Я не обратил внимания на его последние слова, зная хорошо трудный и самостоятельный характер моей бедной Нинуши, всегда замкнуто переживавшей свои думы и не делившейся ими с самыми близкими ей людьми. Да их и не было у нее. Мало кто из нас знал ее. Какая-то особая тайна лежала над нею. Всегда молчаливая, никогда не участвовавшая ни в одном веселом разговоре, не любившая ни света, ни выездов и всегда болезненно относившаяся ко всякому проявление внимания к ней, она, после болезни и кончины отца, еще более, если только это было возможно, ушла в себя и отошла от всех, кто окружал их, всегда полный людей, гостеприимный дом.
Как часто, бывало, я приходил к ней, в ее комнату, всегда я заставал ее одинокою, за чтением или за работою, и никогда мои самые нежные и участливые попытки подойти к ней поближе, вызвать на откровенность, показать ей ласку, привязанность и желание узнать причины ее неподдельной грусти не приводили ни к чему.

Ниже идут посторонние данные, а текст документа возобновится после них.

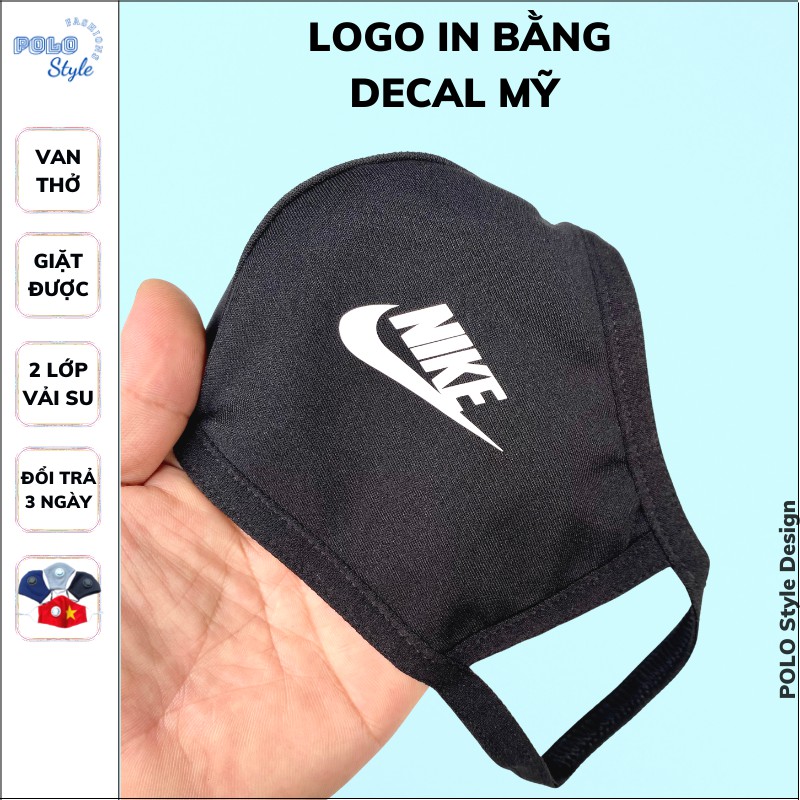 Khẩu trang 2 lớp vải Su in Logo có van thở POLO Style - Chống giọt bắn, không đau tai, sử dụng ít nhất 6 tháng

Только как-то раз, засидевшись у нее долее обыкновенного, когда я стал говорить ей о том, как нежно я люблю ее. и как хотелось бы мне, чтобы она допустила меня в ее думы и попробовала разобраться со мною в их сложном калейдоскопе, – она взяла меня за руку и сказала мне: «мне еще папа всегда говорил, что Вы меня нежно любите, и что я могу всегда сказать Вам все, что тяготит меня, и повторить все, что глубоко тревожит меня, да я и сама это вижу и понимаю, но мне нечего сказать Вам, да я и отцу моему почти ничего не говорила, а теперь у меня нет больше смысла жизни, и я хочу только одного – скорее уйти из жизни, настолько она пуста и безразлична мне. Мне кажется, что я и сама никого более не люблю».
Что творилось в душе этой прекрасной во всех отношениях девушки, – кто может сказать! Одно несомненно, что в ней таилось глубочайшее разочарование, которое наложило особую складку на все ее существование и бесспорно ускорило роковую развязку.
Прямо от доктора я прошел к А. И. Кабат и тут разом встала передо мною вся драматическая картина, которая только подтвердила все, что давно казалось мне неизбежным. Анастасия Ильинична сказала мне просто: «Доктор ничего не видит, ничего не понимает, а мне ясно, как станет ясно и Вам сейчас, что Нина просто умирает или даже больше – сознательно убивает себя».